Action item>
An exact copy of every record is needed, with the pictures left out.

-----

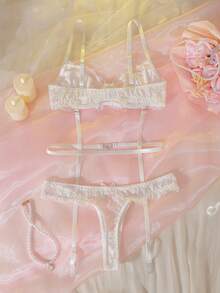 DelicateAllure 2pcs Women Lace Eyelash Patchwork Satin Ribbon Heart Contrast Color Set Wedding Lingerie For Bride White Lace Lingerie Lingerie For Women Adult - White - View 2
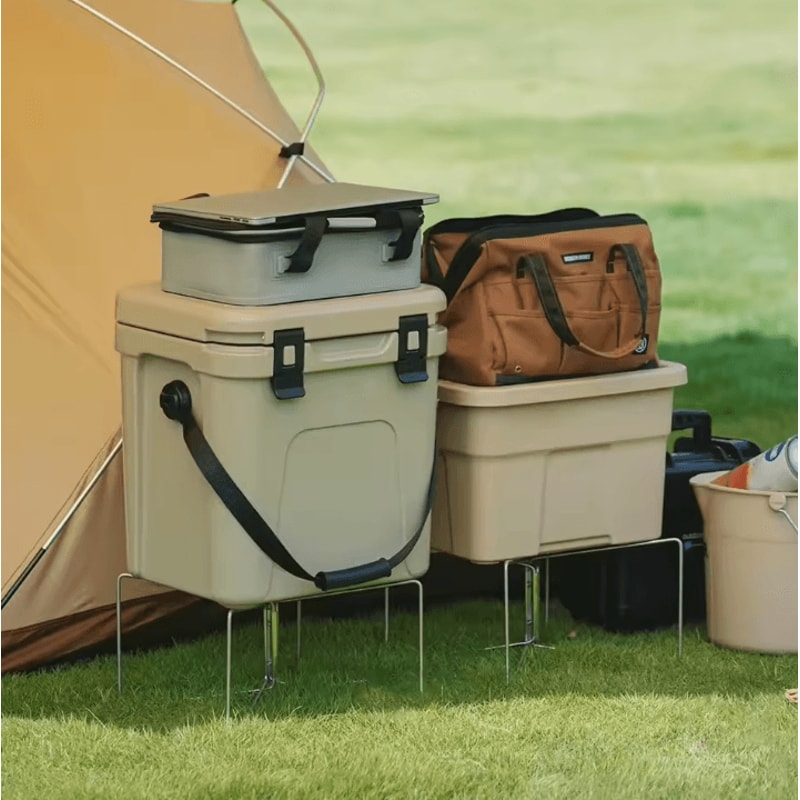 Portable Folding Cooler Box Stand Outdoor Ice Box Storage Support Shelf For Camping And Travel 0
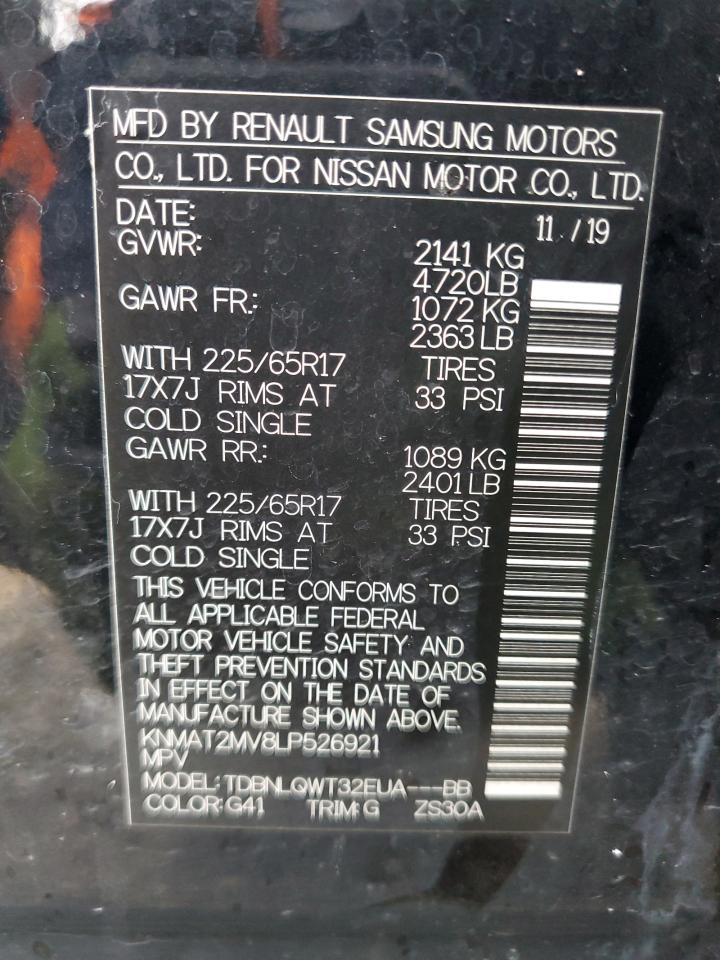 KNMAT2MV8LP526921 NISSAN ROGUE 2020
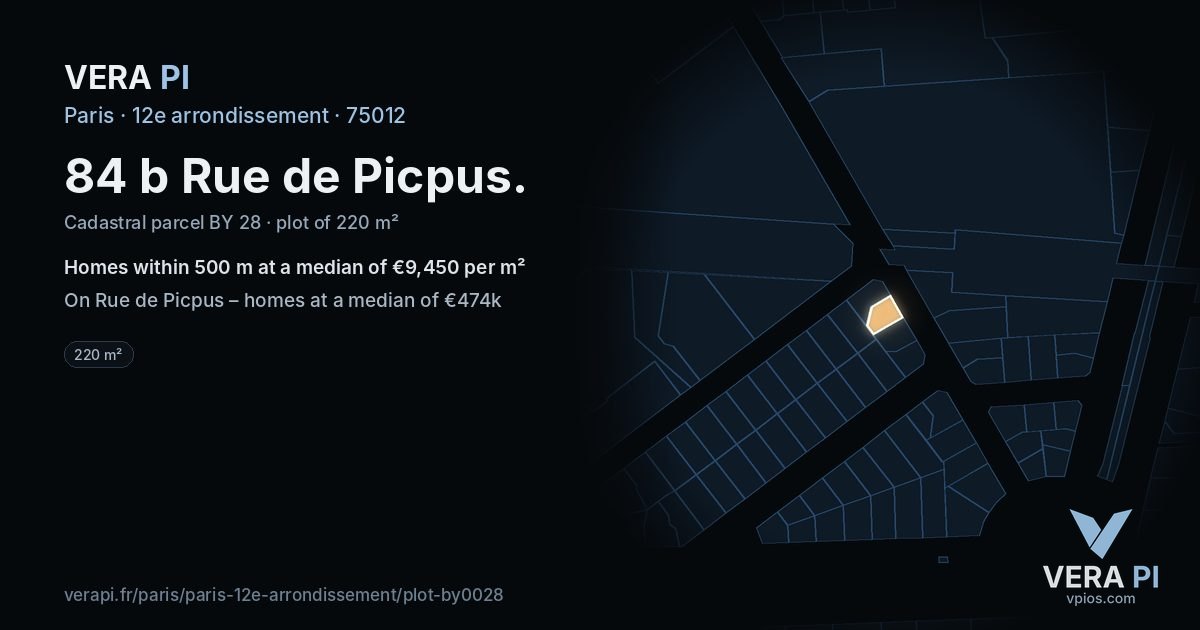 84 b Rue de Picpus, 12e arrondissement at night – the plot lit, the parcels around coloured by the prices near them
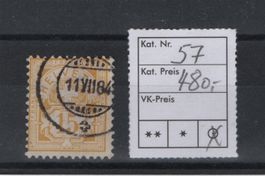 Kreuzziffer-Marke Nr. 57 Weissespapier Kat. 480.-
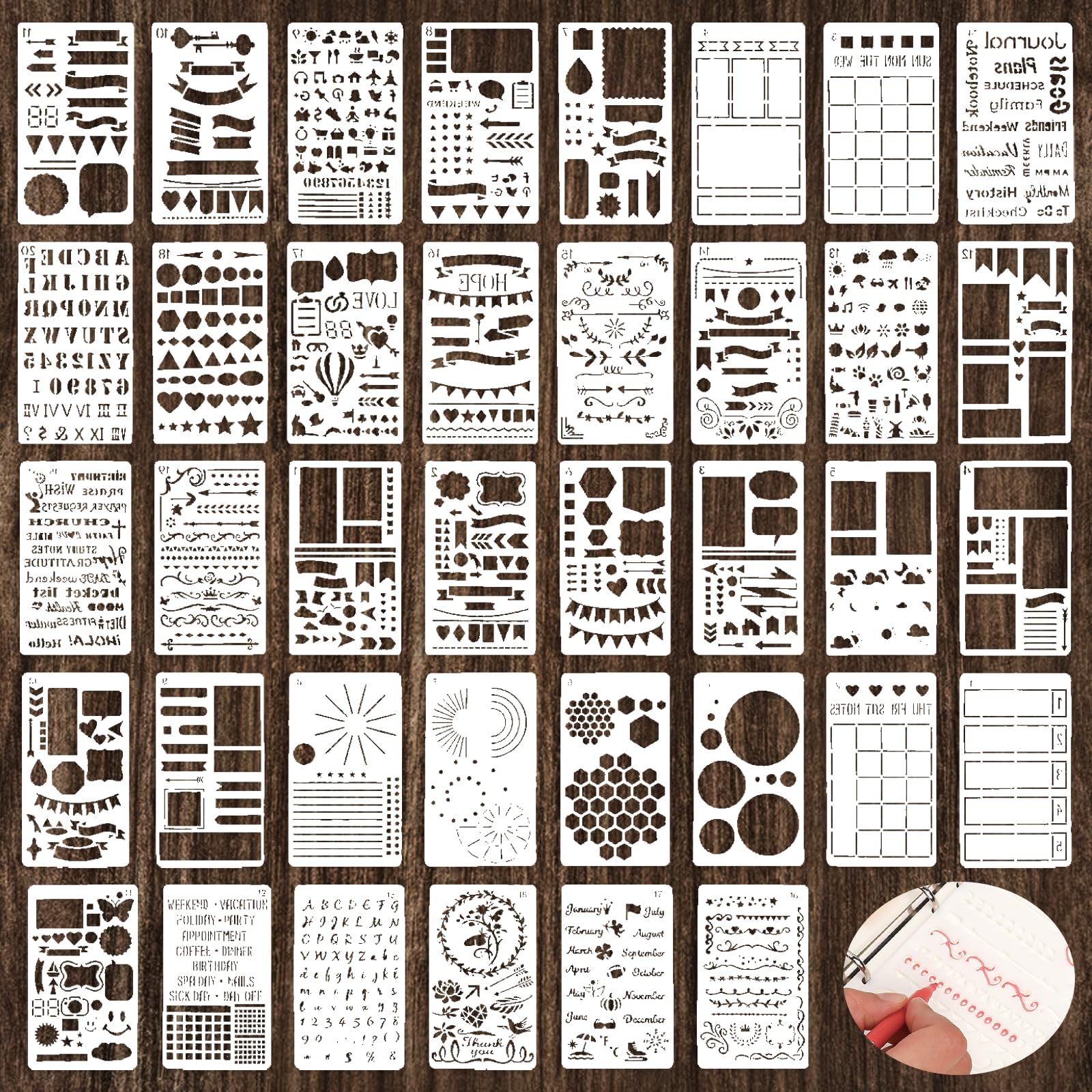 36PCS Planner Stencils Templates Set, Small Element Model Planner Stencils Accessories/Supplies Kit, Journal Stencils for Planner Stencils, Incl. Bullet Point Checklists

-----

Answer for the task>
 DelicateAllure 2pcs Women Lace Eyelash Patchwork Satin Ribbon Heart Contrast Color Set Wedding Lingerie For Bride White Lace Lingerie Lingerie For Women Adult - White - View 2
 Portable Folding Cooler Box Stand Outdoor Ice Box Storage Support Shelf For Camping And Travel 0
 KNMAT2MV8LP526921 NISSAN ROGUE 2020
 84 b Rue de Picpus, 12e arrondissement at night – the plot lit, the parcels around coloured by the prices near them
 Kreuzziffer-Marke Nr. 57 Weissespapier Kat. 480.-
 36PCS Planner Stencils Templates Set, Small Element Model Planner Stencils Accessories/Supplies Kit, Journal Stencils for Planner Stencils, Incl. Bullet Point Checklists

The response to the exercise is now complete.